Mary, I find myself turning to a lifeline, and poetry is where I do soul work. I have to keep getting inside to find that all is well, no matter how unruly this world becomes. Your comment is beautiful, and so are you.

I was moved by Mark Kelly, Gabrielle's husband, in the interview. He was candid, hopeful, and realistic, and powerfully in the moment, I thought.

I, too, see the challenges of raising our grandson to be aware, but unafraid. Best of everything to you and your family as you raise your granddaughter and grandson.

Ruth said...

George, I should paste your statement about my poetry at the top of my laptop — for encouragement, inspiration, and for reminding. I thank you immensely for your kindness, my good friend!

Ruth said...

Arti, the findings by the National Safety Counsel here in the US show that even drivers with hands-free cell phones are 50% distracted! I am eager to hear how things went for Susie yesterday. They have a bill to make texting illegal, but she is hoping for no cell phones at all.

Yes, the story from The Broad is just a blast!

Thank you for reading, my friend, and for your thoughtful comments.

Ruth said...

Pauline, perhaps obstacles make our song more focused and true. Thank you for reading and your kindness.

Ruth said...

To Expat From Hell, hello! Thank you for your perspective, which says to me that we each do what we can, in our own way, and in that doing, we heal each other. So glad you read and commented.

Ruth said...

Cait, that poem "Lines of Winter" by Mark Strand is very moving and beautiful. It seems to be written to someone who was struggling with despair, though I can't find out more information about it. Thank you for visiting and reading.

Ruth said...

Jenné, yes I agree with you, found poems become ours. After all, the words we write are always borrowed from some room of our memory. And what you do responding to Rilke's poems is another form for it. Thank you so much.

Ruth said...

Welcome and thank you, Angela! And welcome back to Michigan here. I look forward to exploring your blog, which is beautiful, both visually and in intent. I am so moved by your blog, and working through sorrow and trauma that you've done, both for yourself, and in the stories of others. Thank you.

Peter said...

She danced for autumn on yellow carpets
she huddled and swirled – and sank and went out.
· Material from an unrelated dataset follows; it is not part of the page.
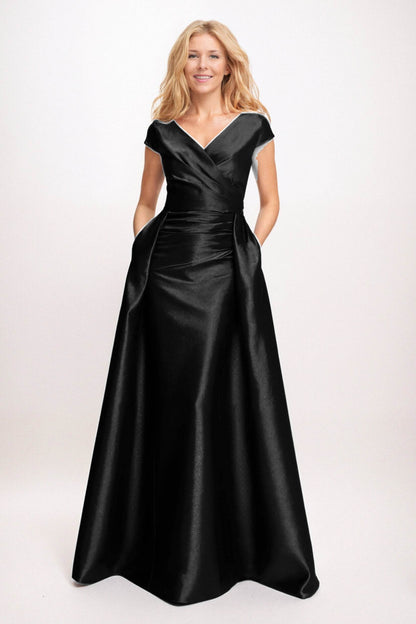 Trumpet-Mermaid Maxi Satin Mother of the Bride Dresses CM0382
“Death of the Virgin” by Edith Södergran (original in Swedish)

I was never too much attracted by poetry, I guess my school teachers detroyed the wish to go further, but, to a great extent thanks to you, I have now started to explore some poets. :-) I thought about the yellow carpets I saw on your photo...

ds said...

You "found" so much here. I discover new things in each line and every juxtaposition. Thank you.

I keep Susan in my heart and hope that the day went well for her. What a brave, soulful and generous thing to do.

A triumph, indeed.

amy@ Souldipper said...

This approach is intriguing. One needs to be familiar with so many great lines in order to pull this off.

I like this!

erin said...

driving home from work today i was listening to - and you can insert a list of topics and countries - and then quickly the reporter glazed over the facts, which included a host of deaths and numbers which were supposed to represent - what? lives? and i thought within the tidbit of news which did not permeate my brain how many travesties, how many lives, how many profound (i pause to think of a word which might even begin to suggest) cataclysms have happened and i am worried on my heart or my waist or my health or my love or my children, oh my, what luxury! we will all die. that you and i can talk about it and stop and think about the poetics of it is such a gift.

it is important to stop and look at death, despair and fear.


Jeanie said...

Oh, Ruth, what a wonderful compilation to echo so many wise thoughts. Yes, I heard that interview, too, or one like it. It really does make you think. Nice collection. Thanks!

Ginnie said...

I liked what Erin said at the end of her comment: it is important to stop and look at death, despair and fear. Thanks, Sister.

"Auntie" sezzzzzz... said...

The name of your blog, drew me to it. I love "Synchronosity" or however one spells it.

Beautiful post... Dealing with the fear which seems to permeate our existence...

Happy to have found you and your blog.

Gentle hugs,
"Something about an old-fashioned Christmas is hard to forget."